WHAT TO DO | Apart from the pictures, please restate every entry below exactly.

BEGIN AVAILABLE RECORDS

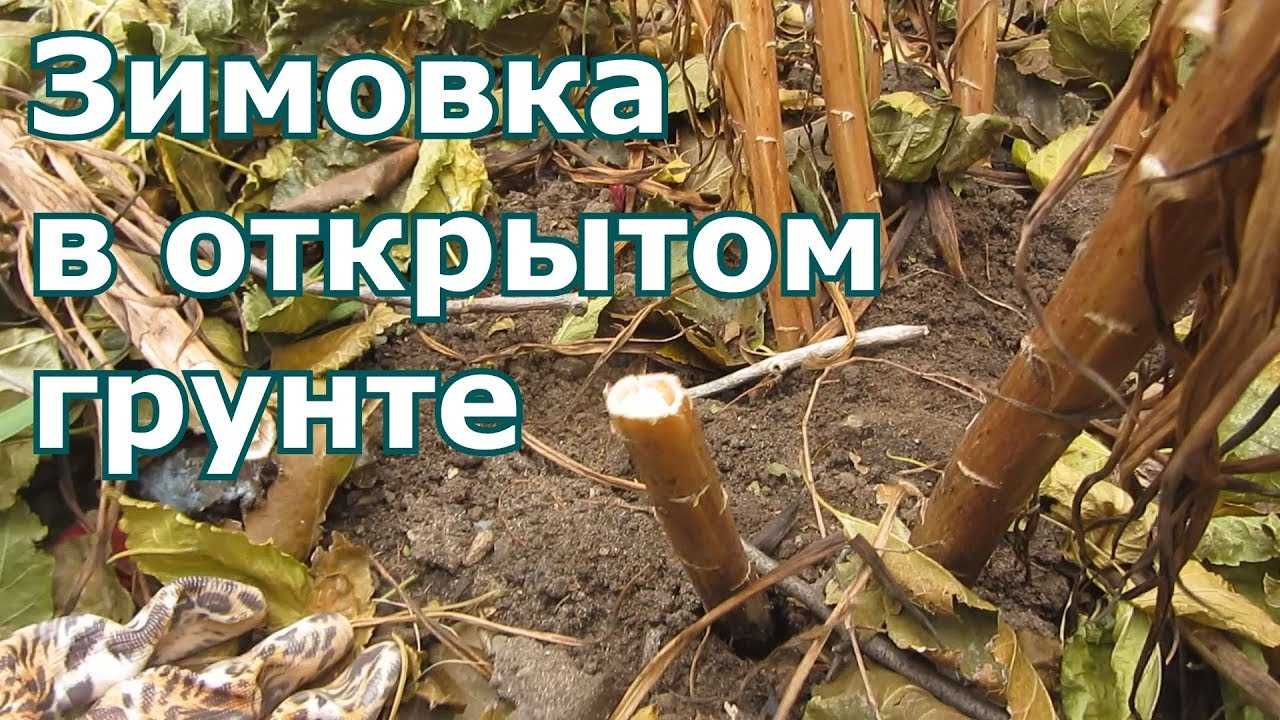 Подготовка лилий к зиме – время обрезки, правила хранения луковиц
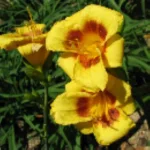 Hemerocallis Siloam Tiny Mite Liliowiec - Rośliny od Ogrodnika Szkółka Barcikowscy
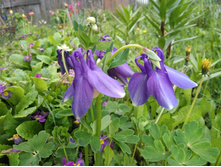 IMG 20170604 163805.jpg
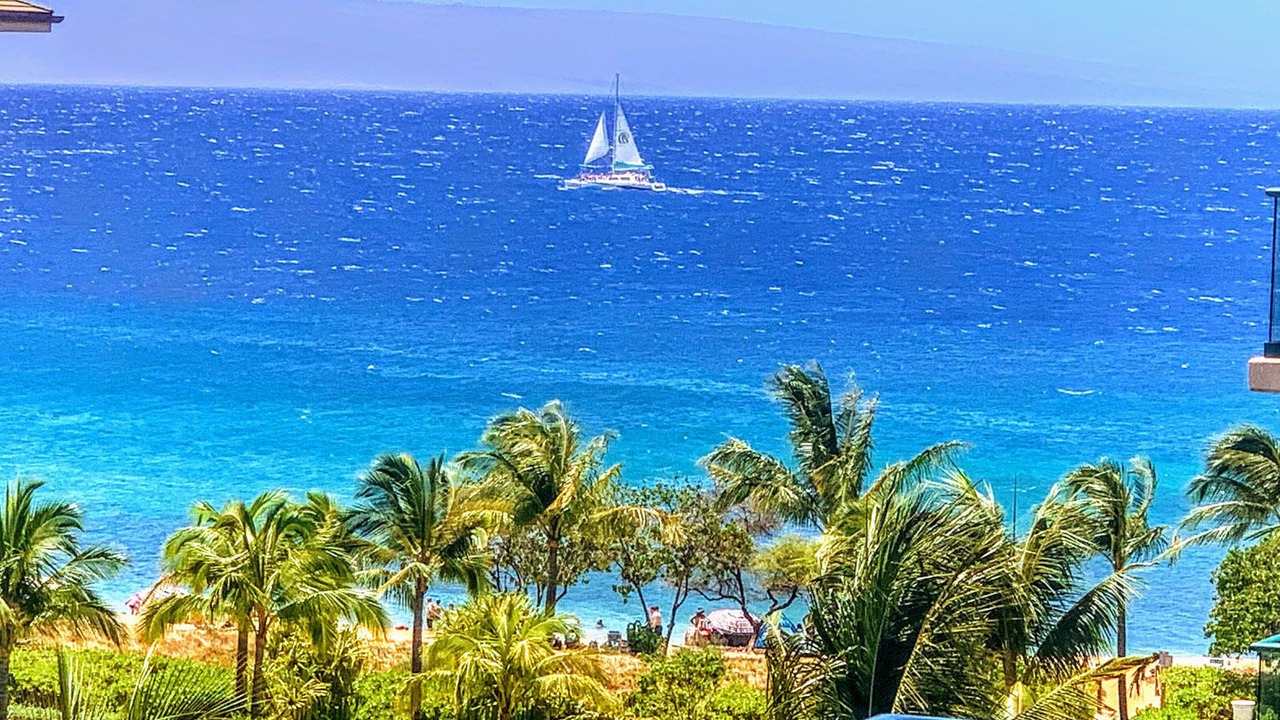 Photo of Others in Kaanapali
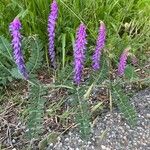 Vicia incana 花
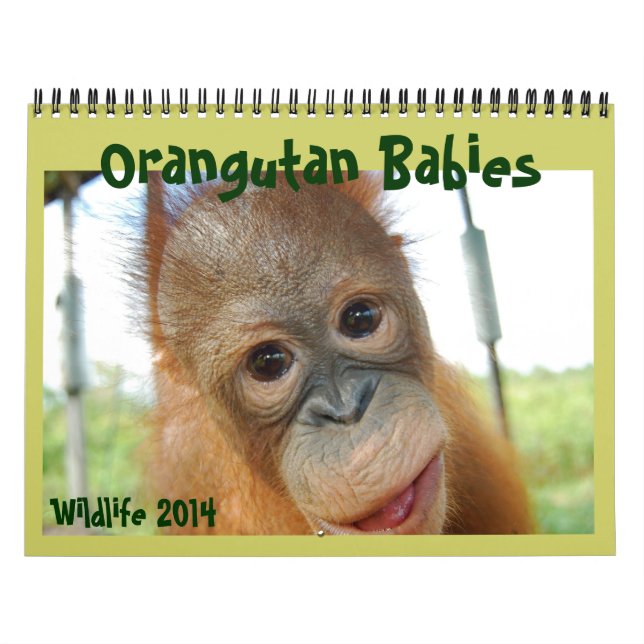 Calendário Orangutan Babies (Capa)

END AVAILABLE RECORDS

EXERCISE OUTPUT |
 Подготовка лилий к зиме – время обрезки, правила хранения луковиц
 Hemerocallis Siloam Tiny Mite Liliowiec - Rośliny od Ogrodnika Szkółka Barcikowscy
 IMG 20170604 163805.jpg
 Photo of Others in Kaanapali
 Vicia incana 花
 Calendário Orangutan Babies (Capa)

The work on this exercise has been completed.